Un permesso di soggiorno, un posto di lavoro a tempo indeterminato. La patente, una casa tutta loro. I ragazzi del professor Calò, accolti quattro anni fa, ce l’hanno fatta: Sahiou di 30 anni è addetto in un’industria di lavorati per gelati, Siaka di 23 lavora nel punto vendita di una cooperativa agricola, il suo coetaneo Saed fa il saldatore. Poi c’è Mohamed, 30 anni, operaio in una ditta di asfalti. E Tidijan, trentenne anche lui, che insieme a Braima (34) fa il cuoco in un ristorante.
La loro fortuna è stata entrare nella casa di Treviso che il professore Antonio Silvio Calò, che insegna Storia e Filosofia al liceo classico di Canova, e sua moglie hanno messo a disposizione dei sei migranti, sbarcati in Italia nel 2015 e provenienti da Gambia, Ghana, Guinea Bissau e Costa D’Avorio. La coppia, che ha quattro figli, ha deciso di allargare ulteriormente la propria famiglia e oggi il docente racconta a Repubblica il perché di questa scelta.
“Non sono per l’integrazione ma per la convivenza costruttiva. Ora che questi ragazzi sono autonomi si chiude un cerchio, la dimostrazione che l’accoglienza diffusa non solo è possibile ma è un modello vincente. Se l’abbiamo fatto noi possono farlo lo Stato, gli enti locali. E qui siamo nella provincia più leghista d’Italia. Eppure ho trovato imprenditori che hanno colto il senso di questo percorso. Alcuni li hanno persino aiutati a trovare casa”.
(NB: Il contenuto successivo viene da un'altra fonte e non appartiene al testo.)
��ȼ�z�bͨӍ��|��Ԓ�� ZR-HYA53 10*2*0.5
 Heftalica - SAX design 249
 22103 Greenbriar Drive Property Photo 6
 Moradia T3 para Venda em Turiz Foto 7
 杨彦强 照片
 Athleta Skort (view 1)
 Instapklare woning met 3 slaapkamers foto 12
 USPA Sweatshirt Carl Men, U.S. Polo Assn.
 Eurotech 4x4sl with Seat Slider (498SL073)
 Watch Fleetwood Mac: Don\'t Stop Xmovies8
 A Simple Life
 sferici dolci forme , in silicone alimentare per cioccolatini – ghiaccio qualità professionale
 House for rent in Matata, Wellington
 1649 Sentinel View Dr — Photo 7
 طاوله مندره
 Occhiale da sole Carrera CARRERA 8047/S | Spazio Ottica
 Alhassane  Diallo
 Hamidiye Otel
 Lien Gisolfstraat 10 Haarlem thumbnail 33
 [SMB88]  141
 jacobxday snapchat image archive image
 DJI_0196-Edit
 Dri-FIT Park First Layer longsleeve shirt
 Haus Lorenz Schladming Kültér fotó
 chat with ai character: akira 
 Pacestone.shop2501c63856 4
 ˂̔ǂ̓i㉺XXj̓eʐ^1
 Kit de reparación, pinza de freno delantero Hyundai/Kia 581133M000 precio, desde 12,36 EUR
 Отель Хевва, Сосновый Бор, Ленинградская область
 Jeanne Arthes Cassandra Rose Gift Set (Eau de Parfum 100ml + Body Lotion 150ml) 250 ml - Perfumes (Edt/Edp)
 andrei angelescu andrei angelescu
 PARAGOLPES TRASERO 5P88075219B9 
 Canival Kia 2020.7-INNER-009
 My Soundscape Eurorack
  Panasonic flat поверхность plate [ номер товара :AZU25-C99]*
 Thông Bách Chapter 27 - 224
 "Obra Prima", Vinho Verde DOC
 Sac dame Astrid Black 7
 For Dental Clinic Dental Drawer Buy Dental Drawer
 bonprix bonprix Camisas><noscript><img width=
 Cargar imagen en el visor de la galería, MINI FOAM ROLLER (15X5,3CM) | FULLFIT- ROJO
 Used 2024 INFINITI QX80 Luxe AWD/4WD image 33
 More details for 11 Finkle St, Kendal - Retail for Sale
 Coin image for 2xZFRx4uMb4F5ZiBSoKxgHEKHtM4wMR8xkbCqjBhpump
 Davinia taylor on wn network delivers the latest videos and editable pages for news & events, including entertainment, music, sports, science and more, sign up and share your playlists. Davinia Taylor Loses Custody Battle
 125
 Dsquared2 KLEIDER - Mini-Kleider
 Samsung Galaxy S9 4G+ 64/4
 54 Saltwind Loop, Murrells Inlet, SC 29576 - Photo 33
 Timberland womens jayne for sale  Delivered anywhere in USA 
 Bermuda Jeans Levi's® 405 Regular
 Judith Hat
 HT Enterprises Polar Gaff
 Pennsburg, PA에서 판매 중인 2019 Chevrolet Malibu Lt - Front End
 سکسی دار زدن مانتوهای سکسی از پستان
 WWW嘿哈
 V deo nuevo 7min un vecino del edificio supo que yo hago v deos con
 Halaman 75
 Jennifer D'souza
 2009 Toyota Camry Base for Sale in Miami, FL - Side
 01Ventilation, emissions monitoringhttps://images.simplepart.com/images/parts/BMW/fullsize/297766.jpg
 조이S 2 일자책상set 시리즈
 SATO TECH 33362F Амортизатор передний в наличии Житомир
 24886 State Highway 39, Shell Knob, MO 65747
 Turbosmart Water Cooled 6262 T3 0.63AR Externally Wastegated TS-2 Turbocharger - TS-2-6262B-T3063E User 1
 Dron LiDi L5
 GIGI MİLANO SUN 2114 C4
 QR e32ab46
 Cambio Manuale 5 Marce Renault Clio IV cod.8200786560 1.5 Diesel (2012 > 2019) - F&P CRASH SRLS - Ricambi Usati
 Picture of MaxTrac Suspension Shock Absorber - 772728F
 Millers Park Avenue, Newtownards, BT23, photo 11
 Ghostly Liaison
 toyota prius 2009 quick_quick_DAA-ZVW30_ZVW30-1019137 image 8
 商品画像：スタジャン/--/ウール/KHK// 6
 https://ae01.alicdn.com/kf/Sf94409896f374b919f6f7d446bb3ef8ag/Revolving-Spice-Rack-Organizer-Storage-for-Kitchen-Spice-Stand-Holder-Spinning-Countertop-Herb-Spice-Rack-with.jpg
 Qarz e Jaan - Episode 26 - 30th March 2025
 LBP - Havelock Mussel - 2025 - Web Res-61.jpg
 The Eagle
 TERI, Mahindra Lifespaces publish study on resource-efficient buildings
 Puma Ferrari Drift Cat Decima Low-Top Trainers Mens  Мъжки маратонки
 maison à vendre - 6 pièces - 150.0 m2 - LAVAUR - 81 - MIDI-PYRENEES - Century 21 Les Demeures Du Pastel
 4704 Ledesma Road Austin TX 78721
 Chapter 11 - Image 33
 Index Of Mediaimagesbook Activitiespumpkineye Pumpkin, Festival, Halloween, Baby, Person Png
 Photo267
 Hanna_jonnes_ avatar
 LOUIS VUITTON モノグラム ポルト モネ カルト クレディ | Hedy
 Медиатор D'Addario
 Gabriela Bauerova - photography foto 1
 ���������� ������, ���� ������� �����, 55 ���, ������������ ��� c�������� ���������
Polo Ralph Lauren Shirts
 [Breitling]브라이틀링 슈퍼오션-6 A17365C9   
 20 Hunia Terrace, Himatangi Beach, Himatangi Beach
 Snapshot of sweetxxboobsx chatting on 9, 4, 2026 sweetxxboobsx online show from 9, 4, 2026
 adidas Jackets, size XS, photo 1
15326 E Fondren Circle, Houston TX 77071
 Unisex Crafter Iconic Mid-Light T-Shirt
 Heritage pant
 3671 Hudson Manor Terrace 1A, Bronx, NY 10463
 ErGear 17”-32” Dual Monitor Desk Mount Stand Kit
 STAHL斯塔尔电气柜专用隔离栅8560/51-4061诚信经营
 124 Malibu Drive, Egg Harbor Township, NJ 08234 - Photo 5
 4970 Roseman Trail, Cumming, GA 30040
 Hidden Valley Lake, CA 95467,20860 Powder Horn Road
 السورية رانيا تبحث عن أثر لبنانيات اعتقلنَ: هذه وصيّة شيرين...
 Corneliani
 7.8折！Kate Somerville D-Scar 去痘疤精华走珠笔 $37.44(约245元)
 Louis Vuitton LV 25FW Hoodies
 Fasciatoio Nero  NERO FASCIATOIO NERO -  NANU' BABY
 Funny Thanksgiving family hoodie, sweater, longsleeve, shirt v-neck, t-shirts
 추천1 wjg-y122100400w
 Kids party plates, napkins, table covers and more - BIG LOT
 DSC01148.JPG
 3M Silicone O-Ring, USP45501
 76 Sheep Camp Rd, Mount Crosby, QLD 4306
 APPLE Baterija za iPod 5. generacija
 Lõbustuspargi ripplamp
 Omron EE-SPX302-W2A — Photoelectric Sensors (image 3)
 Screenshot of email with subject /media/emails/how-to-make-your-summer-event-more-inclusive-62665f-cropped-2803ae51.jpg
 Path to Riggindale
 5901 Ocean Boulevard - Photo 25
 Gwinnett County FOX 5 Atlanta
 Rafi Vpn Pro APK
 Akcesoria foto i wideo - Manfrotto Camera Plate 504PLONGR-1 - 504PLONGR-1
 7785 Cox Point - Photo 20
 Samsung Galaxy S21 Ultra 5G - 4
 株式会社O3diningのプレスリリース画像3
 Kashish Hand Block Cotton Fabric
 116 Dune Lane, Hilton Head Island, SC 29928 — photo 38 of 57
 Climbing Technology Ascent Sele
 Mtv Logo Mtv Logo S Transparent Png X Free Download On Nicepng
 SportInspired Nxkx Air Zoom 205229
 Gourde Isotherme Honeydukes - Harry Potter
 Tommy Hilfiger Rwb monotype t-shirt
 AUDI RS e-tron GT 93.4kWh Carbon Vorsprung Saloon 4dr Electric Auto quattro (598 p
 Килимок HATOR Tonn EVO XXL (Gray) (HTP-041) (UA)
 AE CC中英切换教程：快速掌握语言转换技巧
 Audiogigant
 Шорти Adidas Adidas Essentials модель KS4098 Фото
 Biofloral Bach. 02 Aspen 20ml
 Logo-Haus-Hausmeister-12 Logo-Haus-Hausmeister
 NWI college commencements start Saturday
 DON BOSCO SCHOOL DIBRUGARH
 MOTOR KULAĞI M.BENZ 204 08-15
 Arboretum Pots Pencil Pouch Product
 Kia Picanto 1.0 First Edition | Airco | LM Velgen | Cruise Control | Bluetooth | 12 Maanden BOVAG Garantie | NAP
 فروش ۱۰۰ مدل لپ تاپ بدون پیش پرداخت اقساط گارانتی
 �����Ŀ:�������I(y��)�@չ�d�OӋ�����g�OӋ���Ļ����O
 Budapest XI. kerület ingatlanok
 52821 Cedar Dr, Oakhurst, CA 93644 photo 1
La ricetta per il successo? “Scuola al mattino per quattro giorni la settimana e pure al pomeriggio per altri due: italiano, geografia, storia, educazione civica. La psicologa tutti i martedì per due anni, il giovedì pomeriggio a calcio con i miei figli. Il venerdì in moschea e il pomeriggio a disposizione della parrocchia per il volontariato e piccoli lavori per la comunità. Non è stato sempre facile. Siamo anche finiti nel mirino di Forza Nuova, che poi ci ha chiesto scusa. Ho anche invitato Salvini e Zaia a vedere la mia famiglia. È giusto ricordare che l’antifascismo non è di destra o di sinistra, ma di tutti”.